Requirement: Exact copy, no pictures: return only the lines below from the line with "Apple usb-c naar vga multiport adapter (wit)" up to and including the line with "na 12 měsíců".
:: Material supplied
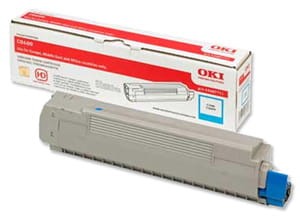 Toner OKI cyan | 6000str | C8600/C8800 - 473175
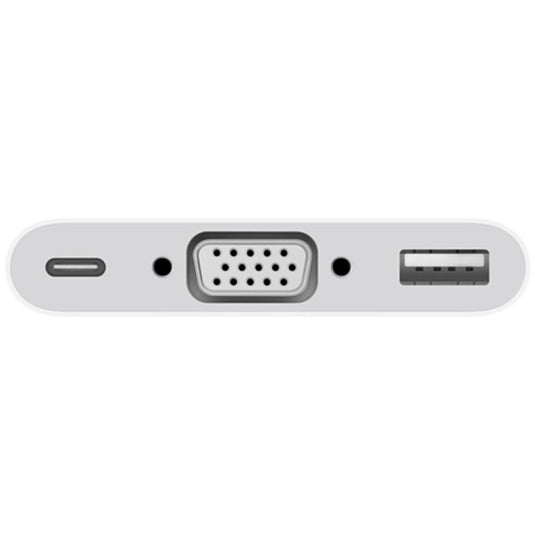 Apple usb-c naar vga multiport adapter (wit)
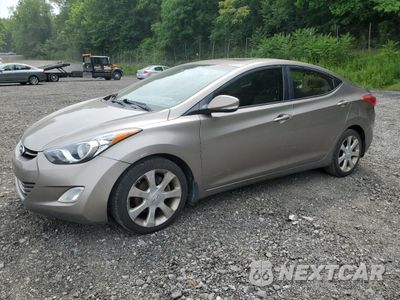 2012 HYUNDAI ELANTRA GLS 5NPDH4AE5CH150396 - główne zdjęcie licytacji z USA - miniatura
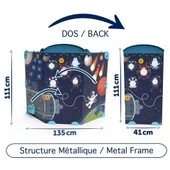 Smoby Aksesuarlı Uzay İstasyonu Oyun Seti 7600390100 - 7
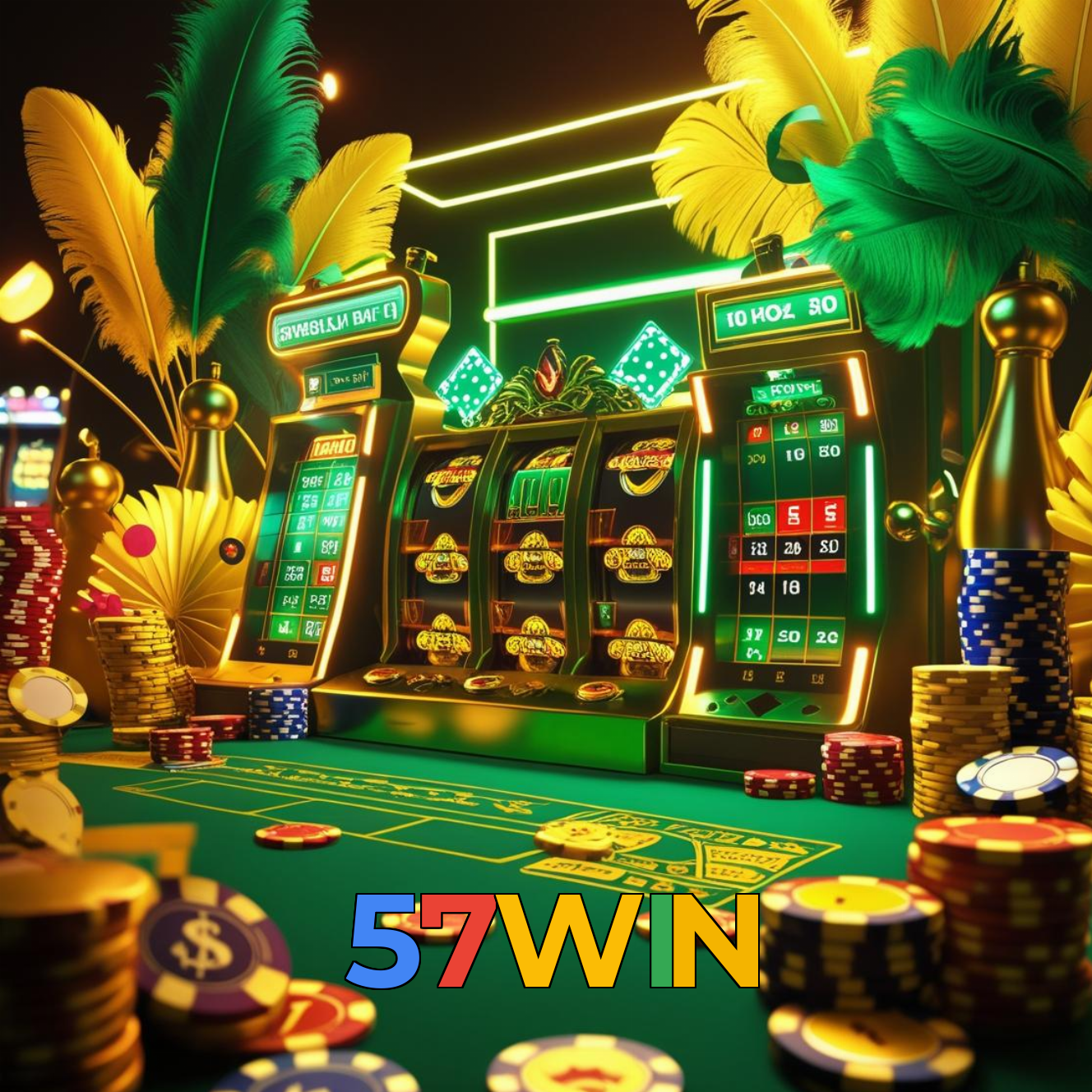 57WIN:Seu lugar de apostas no futebol e prêmios incríveis em jogos de cassino!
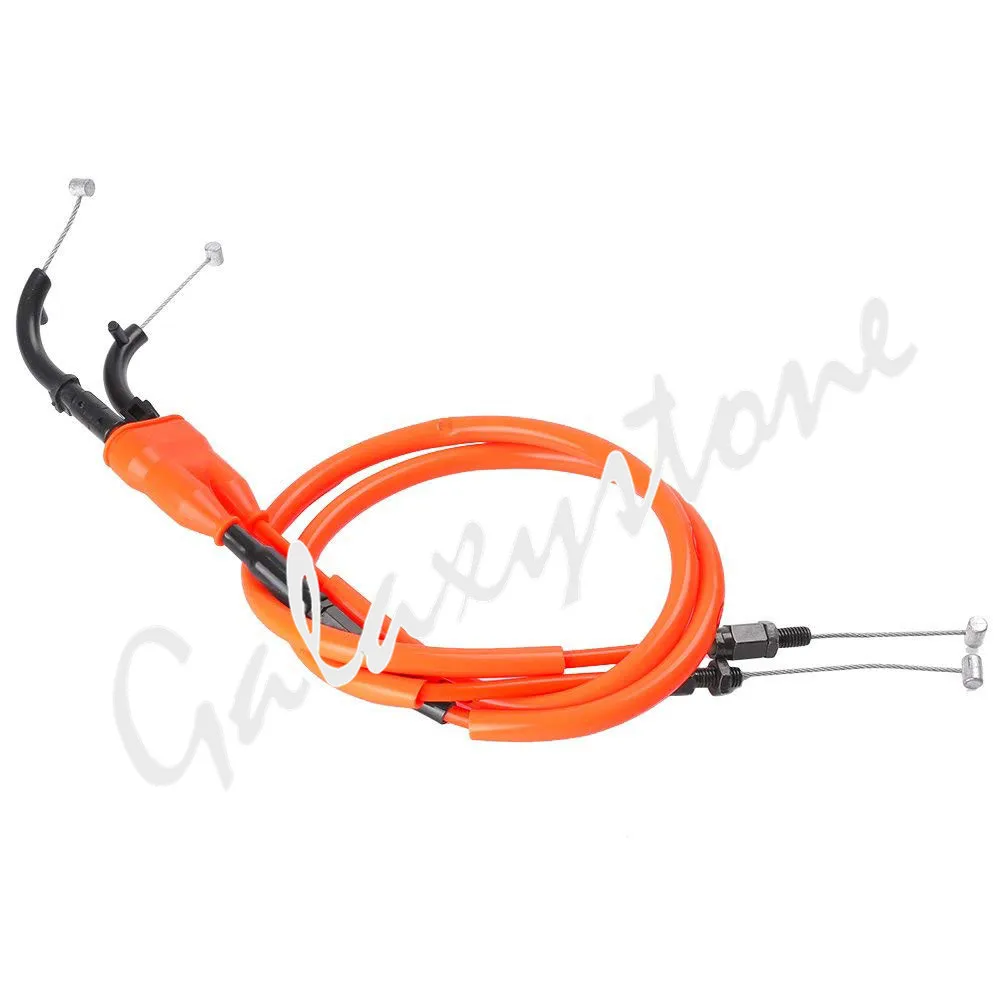 Motorcycle HROTTLE CABLES LINES THROTTLE HOUSING For Yamaha YZF R6 2006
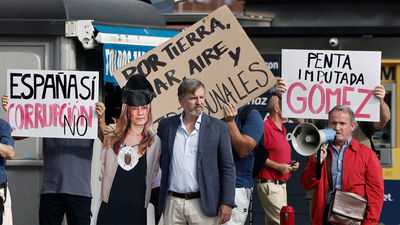 Begoña Gómez volverá  a utilizar el garaje para acceder este sábado a los Juzgados de Plaza de Castilla
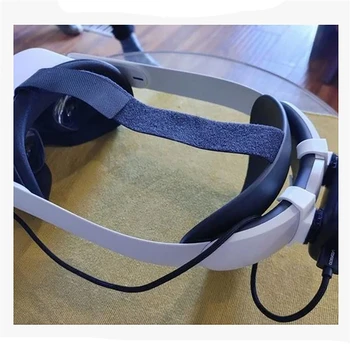 Za Oculus Quest 2 Elite VR Slušalke Glavo 3D Tiskanje Moči Banke za Shranjevanje Stojalo Vesa Nosilec Dodatki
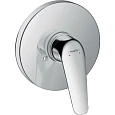Смеситель для душа Hansgrohe Novus 71067000 (внешняя часть) Смеситель для душа Hansgrohe Novus 71067000 (внешняя часть)
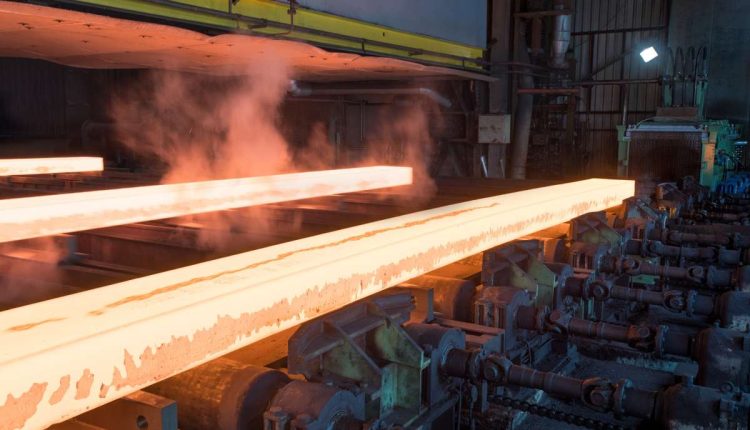 Stahl-Produktion Mittelband Hagen-Hohenlimburg © thyssenkrupp Steel Europe AG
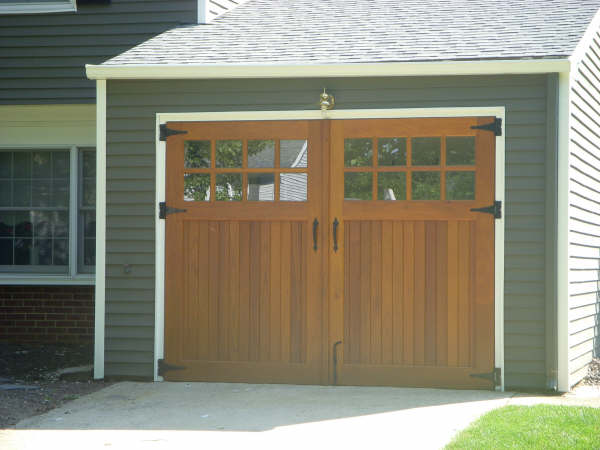 Clingerman Doors Custom Wood Garage, Cottage Style Garage Door Hardware Kit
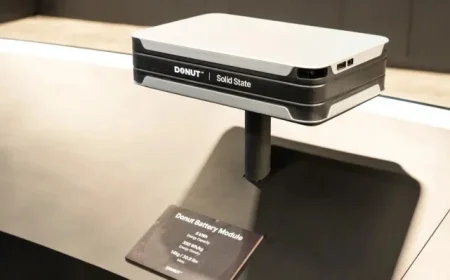 Donut Lab’s Solid-State Battery Achieves Breakthrough in First Test Results
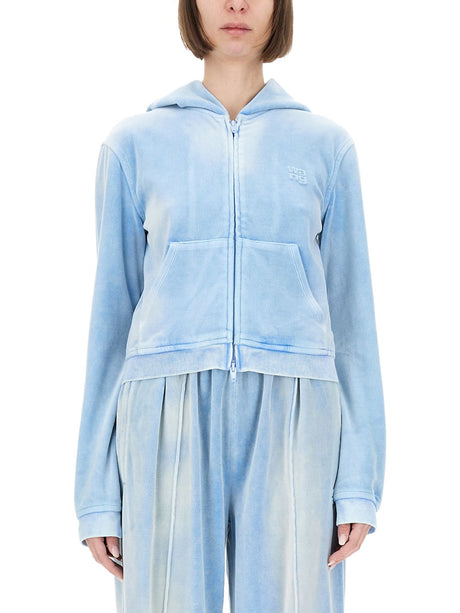 T BY ALEXANDER WANG Lightweight Hoodie for Women - Size S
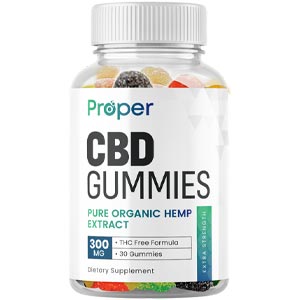 Proper CBD Gummies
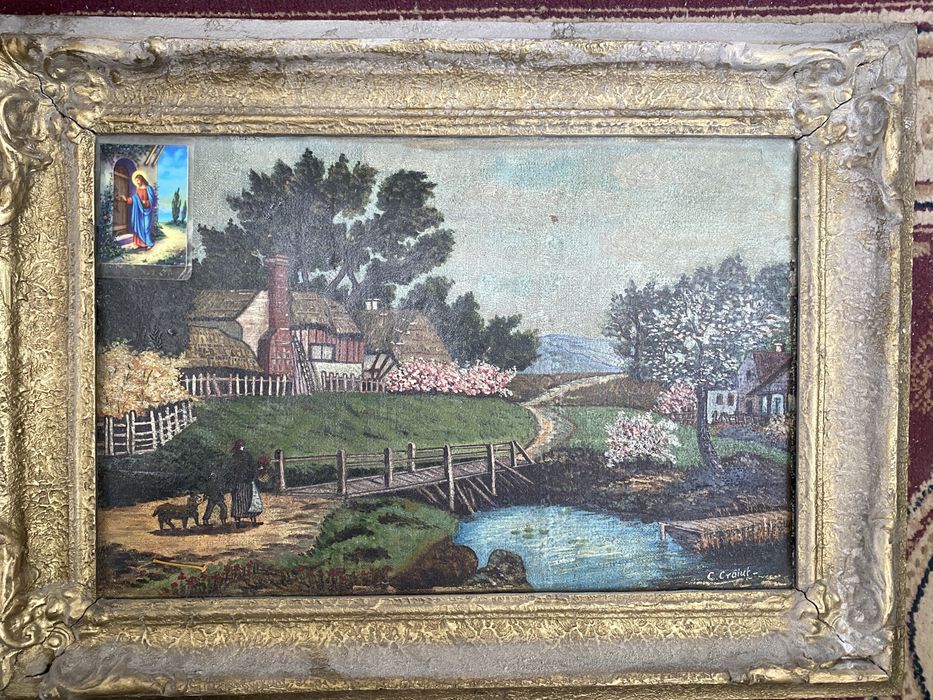 Tablou vechi vechituri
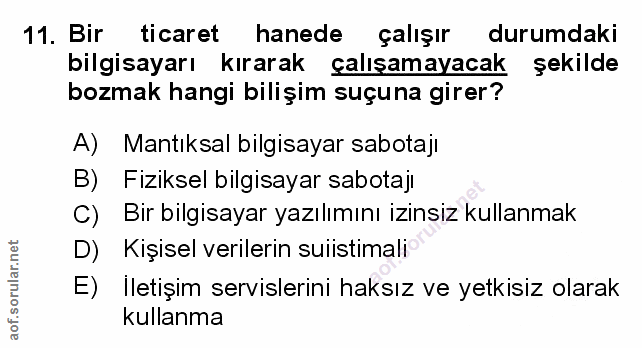 Soru 11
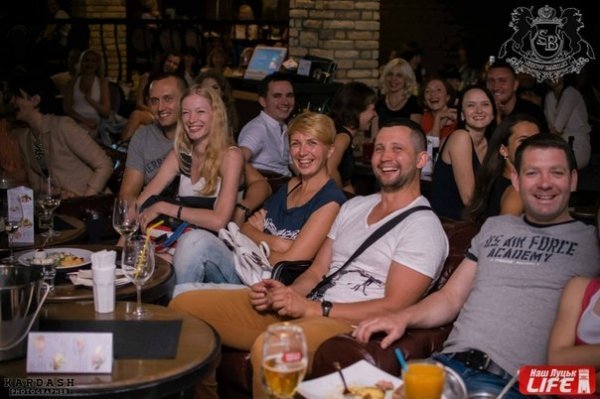 Сергій Притула в Луцьку. ФОТО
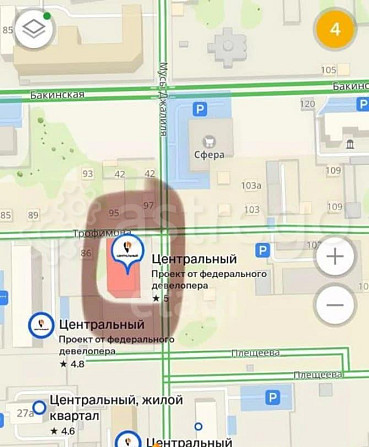 Торговое помещение, 92.8 м2 Астрахань - изображение 2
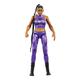 WWE HKP82 - Basic WrestleMania Bianca Belair Actionfigur, 15cm WWE Sammlerstück mit Zubehör, Spielzeug Geschenk für Kinder und Fans ab 6 Jahren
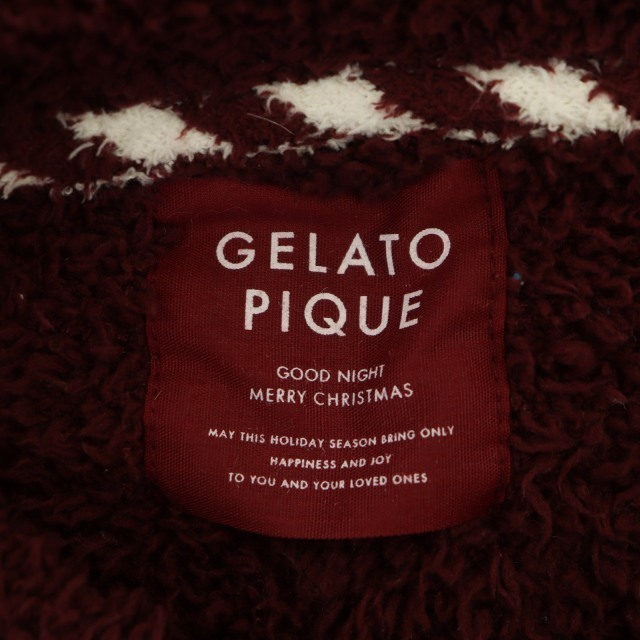 gelato pique(ジェラートピケ)のジェラートピケ セットアップ ニット セーター 長袖 ショートパンツ F レディースのトップス(ニット/セーター)の商品写真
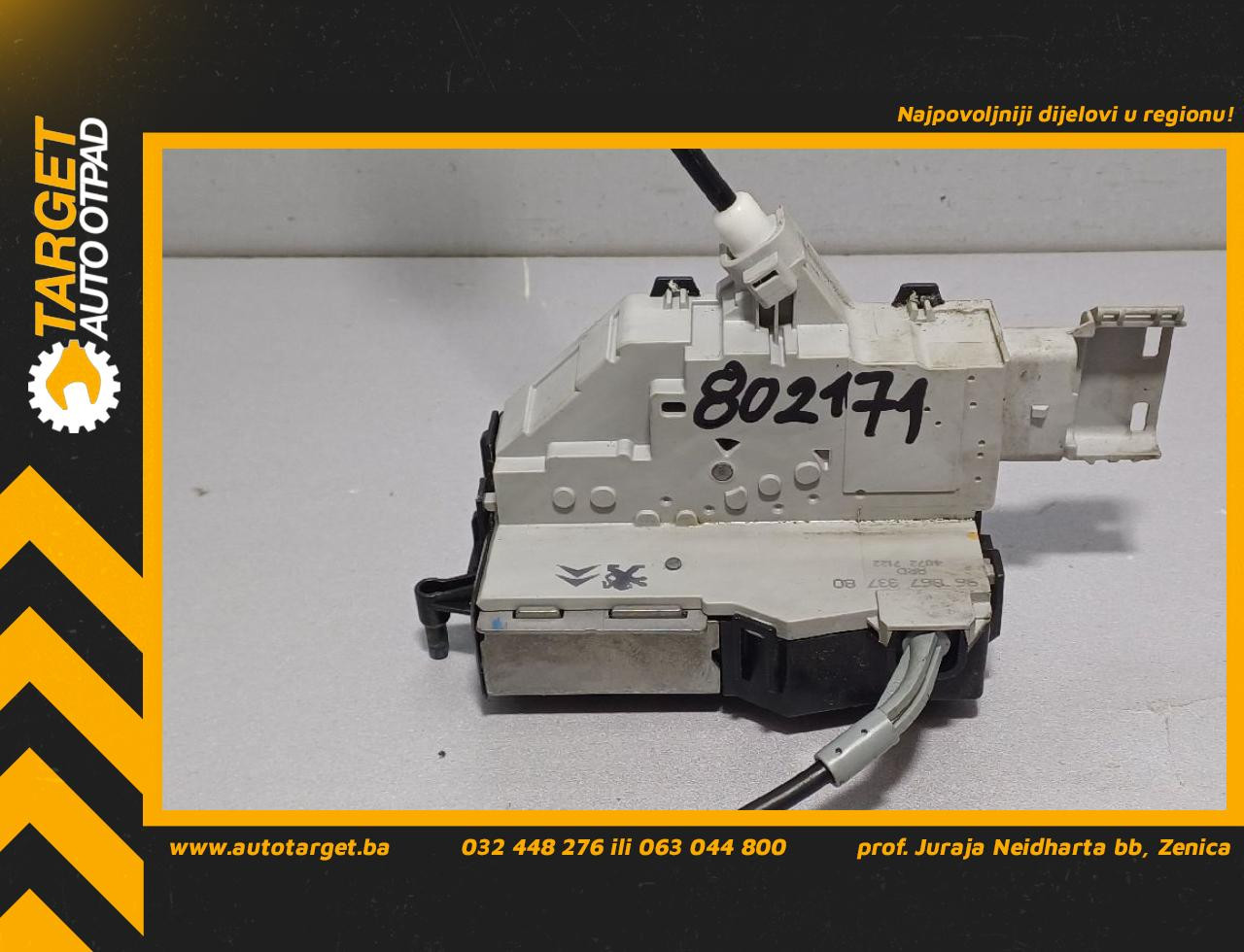 DIJELOVI BRAVA VRATA CITROEN C4 > 08-10 9686733780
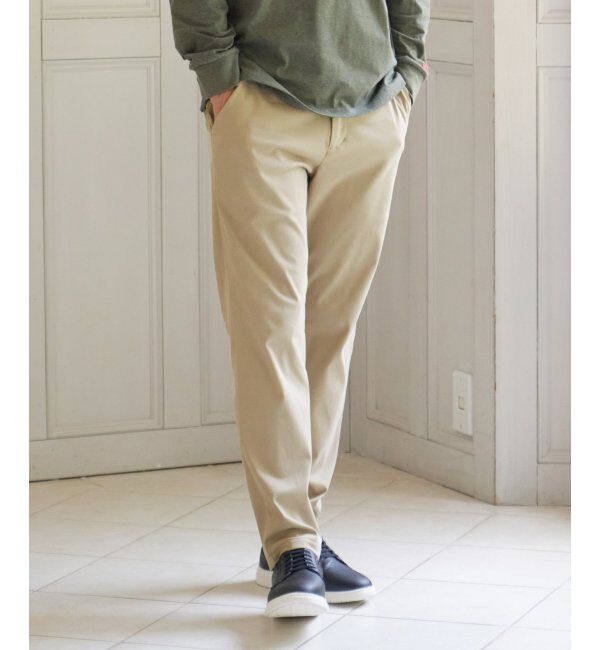 ikka「GOKU楽パンツ EASY STRETCH テーパード」|その他|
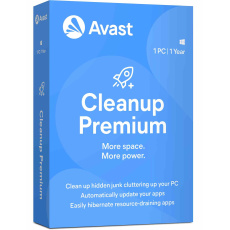 _Prodloužení Avast Cleanup Premium 1 licence na 12 měsíců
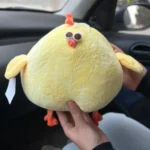 عروسک جوجه چشم قلبمه 25 سانت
::::
Solution to the exercise:
 Apple usb-c naar vga multiport adapter (wit)
 2012 HYUNDAI ELANTRA GLS 5NPDH4AE5CH150396 - główne zdjęcie licytacji z USA - miniatura
 Smoby Aksesuarlı Uzay İstasyonu Oyun Seti 7600390100 - 7
 57WIN:Seu lugar de apostas no futebol e prêmios incríveis em jogos de cassino!
 Motorcycle HROTTLE CABLES LINES THROTTLE HOUSING For Yamaha YZF R6 2006
 Begoña Gómez volverá  a utilizar el garaje para acceder este sábado a los Juzgados de Plaza de Castilla
 Za Oculus Quest 2 Elite VR Slušalke Glavo 3D Tiskanje Moči Banke za Shranjevanje Stojalo Vesa Nosilec Dodatki
Смеситель для душа Hansgrohe Novus 71067000 (внешняя часть) Смеситель для душа Hansgrohe Novus 71067000 (внешняя часть)
 Stahl-Produktion Mittelband Hagen-Hohenlimburg © thyssenkrupp Steel Europe AG
 Clingerman Doors Custom Wood Garage, Cottage Style Garage Door Hardware Kit
 Donut Lab’s Solid-State Battery Achieves Breakthrough in First Test Results
 T BY ALEXANDER WANG Lightweight Hoodie for Women - Size S
 Proper CBD Gummies
 Tablou vechi vechituri
 Soru 11
 Сергій Притула в Луцьку. ФОТО
 Торговое помещение, 92.8 м2 Астрахань - изображение 2
 WWE HKP82 - Basic WrestleMania Bianca Belair Actionfigur, 15cm WWE Sammlerstück mit Zubehör, Spielzeug Geschenk für Kinder und Fans ab 6 Jahren
 gelato pique(ジェラートピケ)のジェラートピケ セットアップ ニット セーター 長袖 ショートパンツ F レディースのトップス(ニット/セーター)の商品写真
 DIJELOVI BRAVA VRATA CITROEN C4 > 08-10 9686733780
 ikka「GOKU楽パンツ EASY STRETCH テーパード」|その他|
 _Prodloužení Avast Cleanup Premium 1 licence na 12 měsíců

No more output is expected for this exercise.